First, trim off any spikes. Carefully take the orchid out of its current pot. Trim off any roots that show signs of rot (these will look brown or feel soft). If there is no rot, place the orchid in a pot one or two inches larger than the previous pot. If you had to cut off roots, then reuse the current pot or one with the same dimensions; otherwise, the new pot may be too large and inhibit proper growth. Finally, add new orchid potting mix to the pot.
Dendrobium Phalaenopsis Propagation
If you just can’t get enough dendrobium phalaenopsis in your orchid collection, you can easily propagate more. Most orchids, including den-phals, have a rhizome (a kind of horizontal stem) under the soil line. To propagate, you just need to cut away part of this rhizome with a few roots and canes attached. Then place this cutting into a wet growing medium until new growth begins.
Orchids also sometimes produce clones known as keikis. You can encourage these clones by placing keiki paste on growth nodes. Or you can watch for signs of naturally occurring keikis, which appear when orchids are under stress or when they are in a hotter environment than usual.
Be aware that keiki growth tends to delay flowering. If you want to propagate keikis, wait until there are a few inches of root growth before taking the clone off the mother plant.
Dendro Phalaenopsis Species
Despite the name, dendro phalaenopsis is a dendrobium, not a phalaenopsis. This slightly confusing moniker comes from the fact that den-phal flowers resemble phalaenopsis flowers.
Den-phals are a favorite in the orchid world because they are less fussy than other types of orchids. Den-phals can handle some sun and a wider range of temperatures.
Dendro Phalaenopsis Blue Happiness
Blue Happiness is a sought-after variety of dendro phalaenopsis because it is one of the few “blue” orchids. It is an indigo (the color between blue and violet in the spectrum) orchid. Blue Happiness produces flowers around 2 inches in diameter.
Dendrobium Phalaenopsis Keiki
A dendrobium phalaenopsis keiki is a baby plant produced from a mature plant. Keiki is a Hawaiin word for “baby” that refers to a clone produced by a mother plant in the air on one of its canes. You can leave it on the mother plant and allow it to grow there, or you can remove it after it has time to develop some and use it to start a new plant.
Den-phals live up to their reputation as great beginner plants when it comes to problems. Just like with all orchids, it is important to water correctly and to watch out for broken-down potting mix creating a soggy environment.

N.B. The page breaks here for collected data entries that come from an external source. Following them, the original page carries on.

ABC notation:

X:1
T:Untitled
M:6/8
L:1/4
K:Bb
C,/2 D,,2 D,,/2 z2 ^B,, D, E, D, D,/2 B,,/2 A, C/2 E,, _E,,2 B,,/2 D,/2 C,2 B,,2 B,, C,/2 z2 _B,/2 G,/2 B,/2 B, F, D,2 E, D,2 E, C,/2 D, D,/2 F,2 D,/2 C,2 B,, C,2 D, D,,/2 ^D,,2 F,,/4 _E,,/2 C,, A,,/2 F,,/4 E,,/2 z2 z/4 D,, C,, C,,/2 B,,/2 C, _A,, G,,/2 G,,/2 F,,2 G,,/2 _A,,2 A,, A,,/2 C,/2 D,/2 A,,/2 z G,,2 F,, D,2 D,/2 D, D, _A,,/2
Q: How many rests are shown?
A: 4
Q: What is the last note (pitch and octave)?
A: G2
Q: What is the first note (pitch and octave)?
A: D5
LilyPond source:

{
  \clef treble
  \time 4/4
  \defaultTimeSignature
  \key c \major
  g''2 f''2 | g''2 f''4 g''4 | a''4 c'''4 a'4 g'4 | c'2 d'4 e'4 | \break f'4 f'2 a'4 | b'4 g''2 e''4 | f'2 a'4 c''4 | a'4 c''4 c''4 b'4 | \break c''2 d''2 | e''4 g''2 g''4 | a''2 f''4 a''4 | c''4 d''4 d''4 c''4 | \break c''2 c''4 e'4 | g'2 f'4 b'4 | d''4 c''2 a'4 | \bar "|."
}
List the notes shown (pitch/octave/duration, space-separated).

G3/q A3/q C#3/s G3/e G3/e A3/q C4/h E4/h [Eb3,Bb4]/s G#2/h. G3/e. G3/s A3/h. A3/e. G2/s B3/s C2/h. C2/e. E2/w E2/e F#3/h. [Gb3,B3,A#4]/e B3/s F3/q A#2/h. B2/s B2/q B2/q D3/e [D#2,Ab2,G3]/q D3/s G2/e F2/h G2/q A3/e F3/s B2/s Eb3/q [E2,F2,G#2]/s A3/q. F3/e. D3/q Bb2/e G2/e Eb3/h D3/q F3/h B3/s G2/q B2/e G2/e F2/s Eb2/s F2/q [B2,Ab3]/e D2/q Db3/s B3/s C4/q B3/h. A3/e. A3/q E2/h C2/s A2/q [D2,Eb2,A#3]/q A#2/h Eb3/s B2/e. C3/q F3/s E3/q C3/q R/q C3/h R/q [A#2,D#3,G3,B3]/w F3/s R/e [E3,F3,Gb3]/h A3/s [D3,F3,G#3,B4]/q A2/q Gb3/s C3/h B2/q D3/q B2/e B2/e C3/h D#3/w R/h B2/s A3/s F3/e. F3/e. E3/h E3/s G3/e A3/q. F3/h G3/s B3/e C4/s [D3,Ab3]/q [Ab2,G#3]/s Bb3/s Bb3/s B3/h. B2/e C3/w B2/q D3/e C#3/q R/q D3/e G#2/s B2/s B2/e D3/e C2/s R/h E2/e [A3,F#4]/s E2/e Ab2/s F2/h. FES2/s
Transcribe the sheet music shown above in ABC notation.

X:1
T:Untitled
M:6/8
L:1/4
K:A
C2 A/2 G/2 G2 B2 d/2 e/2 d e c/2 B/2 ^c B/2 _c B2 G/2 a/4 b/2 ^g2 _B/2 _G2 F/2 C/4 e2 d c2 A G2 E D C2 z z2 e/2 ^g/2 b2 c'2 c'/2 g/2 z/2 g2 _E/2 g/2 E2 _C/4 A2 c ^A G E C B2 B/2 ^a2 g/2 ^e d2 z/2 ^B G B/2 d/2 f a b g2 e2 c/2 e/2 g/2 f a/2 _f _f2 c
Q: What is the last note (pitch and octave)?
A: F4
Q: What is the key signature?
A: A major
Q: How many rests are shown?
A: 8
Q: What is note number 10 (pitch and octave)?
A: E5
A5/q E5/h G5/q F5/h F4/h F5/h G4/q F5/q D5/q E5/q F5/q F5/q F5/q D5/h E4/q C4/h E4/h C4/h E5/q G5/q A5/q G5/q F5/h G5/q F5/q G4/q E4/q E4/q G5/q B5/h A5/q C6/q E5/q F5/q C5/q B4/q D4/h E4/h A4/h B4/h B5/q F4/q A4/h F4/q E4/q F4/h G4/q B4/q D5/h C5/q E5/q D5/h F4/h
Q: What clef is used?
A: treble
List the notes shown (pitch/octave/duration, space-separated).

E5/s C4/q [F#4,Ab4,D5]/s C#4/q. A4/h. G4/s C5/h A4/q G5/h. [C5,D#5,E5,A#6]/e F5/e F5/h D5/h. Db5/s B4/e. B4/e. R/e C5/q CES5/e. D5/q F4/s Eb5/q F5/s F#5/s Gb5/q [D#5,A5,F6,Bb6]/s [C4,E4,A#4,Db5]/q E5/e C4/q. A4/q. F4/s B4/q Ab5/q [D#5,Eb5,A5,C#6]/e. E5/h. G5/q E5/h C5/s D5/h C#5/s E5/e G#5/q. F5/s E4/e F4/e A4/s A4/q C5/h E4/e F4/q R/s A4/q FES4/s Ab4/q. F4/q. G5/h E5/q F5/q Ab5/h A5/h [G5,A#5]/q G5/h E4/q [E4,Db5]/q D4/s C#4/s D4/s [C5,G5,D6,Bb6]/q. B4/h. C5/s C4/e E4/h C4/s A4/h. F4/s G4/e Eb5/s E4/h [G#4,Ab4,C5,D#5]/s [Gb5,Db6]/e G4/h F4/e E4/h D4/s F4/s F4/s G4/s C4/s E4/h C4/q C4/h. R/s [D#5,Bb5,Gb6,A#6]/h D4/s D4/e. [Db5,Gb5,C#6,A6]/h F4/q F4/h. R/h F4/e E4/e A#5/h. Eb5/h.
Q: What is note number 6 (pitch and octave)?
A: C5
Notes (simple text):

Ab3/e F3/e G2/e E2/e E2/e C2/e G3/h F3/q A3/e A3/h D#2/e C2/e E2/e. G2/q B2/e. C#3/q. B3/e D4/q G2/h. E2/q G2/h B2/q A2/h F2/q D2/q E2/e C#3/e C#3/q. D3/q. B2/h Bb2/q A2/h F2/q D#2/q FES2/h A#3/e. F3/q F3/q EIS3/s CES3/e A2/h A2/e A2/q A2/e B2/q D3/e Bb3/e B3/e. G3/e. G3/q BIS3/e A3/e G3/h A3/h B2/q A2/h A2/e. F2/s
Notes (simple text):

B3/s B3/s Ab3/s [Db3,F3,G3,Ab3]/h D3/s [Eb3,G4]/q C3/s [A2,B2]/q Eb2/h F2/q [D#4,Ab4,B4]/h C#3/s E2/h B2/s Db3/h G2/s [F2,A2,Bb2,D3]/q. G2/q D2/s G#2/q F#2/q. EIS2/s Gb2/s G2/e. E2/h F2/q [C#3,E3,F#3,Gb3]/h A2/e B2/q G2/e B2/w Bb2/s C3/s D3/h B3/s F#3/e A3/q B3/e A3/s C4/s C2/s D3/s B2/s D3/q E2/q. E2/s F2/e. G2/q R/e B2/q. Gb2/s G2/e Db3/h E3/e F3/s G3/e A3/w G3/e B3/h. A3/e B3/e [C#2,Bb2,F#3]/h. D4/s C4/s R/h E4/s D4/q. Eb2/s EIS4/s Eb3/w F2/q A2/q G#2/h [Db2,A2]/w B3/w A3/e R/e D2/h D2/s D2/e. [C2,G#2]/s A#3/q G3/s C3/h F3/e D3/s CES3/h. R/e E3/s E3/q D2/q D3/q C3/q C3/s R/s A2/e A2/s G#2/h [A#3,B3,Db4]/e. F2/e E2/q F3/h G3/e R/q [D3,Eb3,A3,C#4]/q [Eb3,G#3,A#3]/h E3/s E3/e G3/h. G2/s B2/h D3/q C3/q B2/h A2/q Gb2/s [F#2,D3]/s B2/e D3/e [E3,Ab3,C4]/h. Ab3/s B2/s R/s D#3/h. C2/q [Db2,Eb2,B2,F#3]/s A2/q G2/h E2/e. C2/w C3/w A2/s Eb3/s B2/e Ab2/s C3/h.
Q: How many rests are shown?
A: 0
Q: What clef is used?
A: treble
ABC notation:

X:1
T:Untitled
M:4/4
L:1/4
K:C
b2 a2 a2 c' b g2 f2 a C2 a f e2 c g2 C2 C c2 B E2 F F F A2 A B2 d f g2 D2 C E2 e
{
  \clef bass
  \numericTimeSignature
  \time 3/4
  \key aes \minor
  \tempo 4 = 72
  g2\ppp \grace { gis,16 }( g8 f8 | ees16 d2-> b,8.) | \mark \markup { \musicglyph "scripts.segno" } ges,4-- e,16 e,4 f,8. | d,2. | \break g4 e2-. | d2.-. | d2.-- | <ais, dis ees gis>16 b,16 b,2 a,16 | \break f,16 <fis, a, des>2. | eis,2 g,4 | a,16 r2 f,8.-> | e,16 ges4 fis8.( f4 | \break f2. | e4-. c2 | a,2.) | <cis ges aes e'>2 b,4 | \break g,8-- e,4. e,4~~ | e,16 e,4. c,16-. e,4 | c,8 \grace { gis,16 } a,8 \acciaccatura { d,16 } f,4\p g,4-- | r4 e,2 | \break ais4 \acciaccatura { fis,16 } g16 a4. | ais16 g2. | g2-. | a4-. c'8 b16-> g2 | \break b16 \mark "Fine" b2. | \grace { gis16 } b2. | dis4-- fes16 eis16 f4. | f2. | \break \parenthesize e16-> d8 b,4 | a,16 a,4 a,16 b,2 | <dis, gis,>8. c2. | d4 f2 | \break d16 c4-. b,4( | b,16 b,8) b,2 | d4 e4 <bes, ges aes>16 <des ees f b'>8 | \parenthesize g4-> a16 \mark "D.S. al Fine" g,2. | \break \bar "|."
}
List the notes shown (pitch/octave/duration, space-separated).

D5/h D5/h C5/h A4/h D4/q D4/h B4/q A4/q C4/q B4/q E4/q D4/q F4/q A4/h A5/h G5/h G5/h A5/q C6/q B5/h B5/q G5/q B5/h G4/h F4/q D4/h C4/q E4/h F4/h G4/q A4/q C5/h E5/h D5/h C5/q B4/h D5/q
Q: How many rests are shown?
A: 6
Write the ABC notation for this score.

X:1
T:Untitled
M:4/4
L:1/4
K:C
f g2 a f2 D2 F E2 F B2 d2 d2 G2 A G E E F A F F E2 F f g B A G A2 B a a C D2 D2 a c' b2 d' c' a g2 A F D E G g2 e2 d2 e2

The only major pest den-phals are likely to have is spider mites. Check the underside of the leaves for evidence of these mites in the early summer.
Dendrobium Phalaenopsis Care FAQ
FAQ: Why does my dendro phalaenopsis have yellow leaves?
Yellow leaves on a den-phal may or may not be cause for alarm. Yellowing can occur for several different reasons.
Older leaves turn yellow before they drop off. If only one or two leaves are yellow, then it’s probably part of this natural process.
Most commonly yellow leaves are a sign of overwatering or too much light. Try adjusting these two areas first.
Sometimes yellowing is caused by a lack of nutrients. If you are regularly applying fertilizer, you can rule out this issue. If you’ve forgotten to fertilize, then start now.
Finally, yellow leaves can be a sign of a fungal or bacterial infection. Although you cannot reverse the damage, you can apply surface treatments to stop the yellowing from spreading. Rule out the more common causes before moving on to this step.
FAQ: How do you revive a dendrobium orchid?
Dendro phalaenopsis orchids are hardy so you have a fair chance of reviving this orchid if it’s suffered damage from underwatering. (We won’t tell anyone that you forgot to water it for so long.)
Remove your crispy orchid from its pot and wash it with water. Remove any roots and leaves that come off easily. Using scissors or clippers, take off anything that isn’t green or firm. Orchid roots may be either light green or light brown. If they are dark brown or soft, remove them.
Now you can repot in new soil. Water immediately after potting, but don’t begin overwatering afterward. Water only when the soil is nearly dry. Watch for signs of new growth throughout the next month.